June gloom has given way to July as the sun peaks through for an attempt at another perfect southern cal day ! The trip to the Keynote was somewhat comical as Brandon and I laughed a little and thought a little, reflected upon some of the people there last night and how I recognized their drunken asses from 25 years ago at the Black Angus and how they are the people they were back then,drunks and somewhat pathetic people that drink too much and act really stupid!
Alcohol has played a really important part in my life,my father was an alcoholic for most of his life, save for the last 10 years of his life. The scourge embittered my thoughts and ruined part of my childhood in the fact that my dad was a mean person when he drank, quite the opposite when he wasn't drinking. This always stayed with me growing up how it changed people and who they really were. So much that when I drink, or used to drink it would change me and make me too happy and too friendly with others and not an acceptable trait to have in my book. So I quit drinking about 2 1/2 years ago and never looked back, here I am today having more fun being myself than that person that alcohol made me out to be.
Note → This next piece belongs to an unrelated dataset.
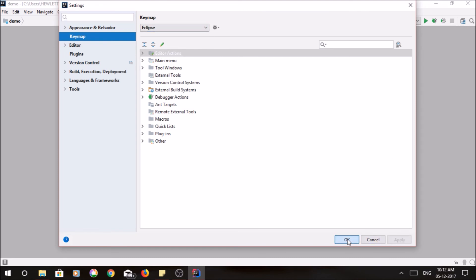Ok. Now you can use Eclipse shortcut keys on IntelliJ IDEA. That's a great thing that IDEA has provided us. Thank you for watching.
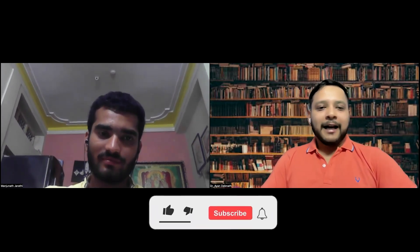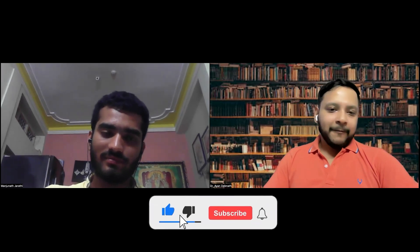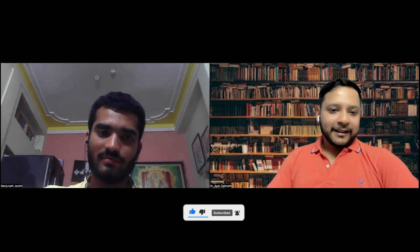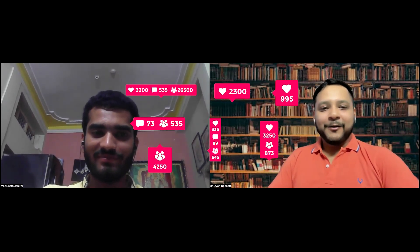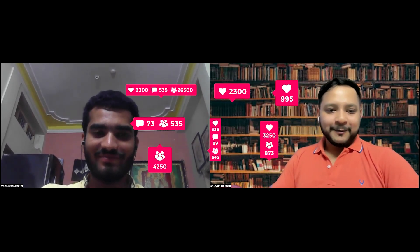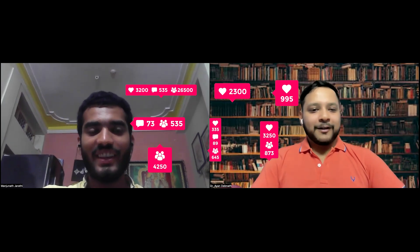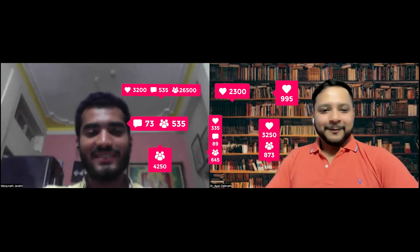Thanks so much for sharing your Cisco interview experience. As soon as you have other interviews lined up, we can do more mock interview sessions so you can prepare well and finally get into your dream job. Thank you so much for your time.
I just don't see how people can drink so often and so much, the pains of recuperation are horrible these days , and I remember my last drunk fest at my sister Linda 50th birthday party I got hammered, both Brandon and I drank at least 15 mixed drinks and then proceeded to be dropped off at the Keynote for a half dozen more and dammit did I feel it for the next week. Well I am so glad I don't do that anymore and enjoy the fact that I am the worlds designated driver for the rest of my life from here on out.
As said the drinking issues within my family and that are visible to me on a daily basis have ruined and re shaped many lives, what I saw at the Keynote last night was a reminder that the answers fall not within that bottle of brew, but somehow looking deeper inside to find that missing piece that alcohol supposedly replaces. Beer and drinks taste like shit, regardless of what kind or mix...period!, they taste like ass and the feeling that you get from them only makes us regret what we said or did the night before if we can remember what was said or done? There's a time for everything and drinking is ok if you can moderate, too many stories of the inability to moderate and then get out and try to drive the streets which is another story altogether.
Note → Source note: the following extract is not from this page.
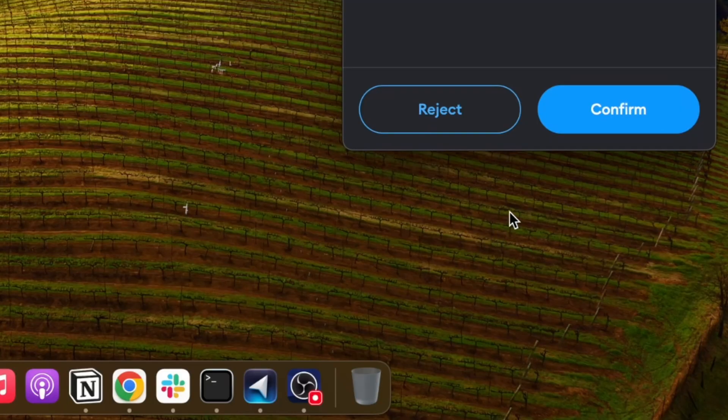We all as Web3 users have been at that place where you anxiously think if you could press this confirm button or not. If it's gonna just get you that newly minted airdropped NFT or it's gonna drain your wallet.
I am so glad that I don't have to worry about this anymore, never truly had a problem with it but could see one brewing if I wasn't careful and diligent with my own honesty about the potential to be one of those guys who drinks too much and fucks up his life too much, I don't need the help,I'm capable of making my own mistakes without the assistance of alcohol God knows I've tried to sabotage the goodness I have and am capable of producing, and need no further assistance in the process. Looking forward to another great day and a ride,breakfast,the gym and a great day spent with my Terria to enjoy and hold the goodness ever closer to me!!!!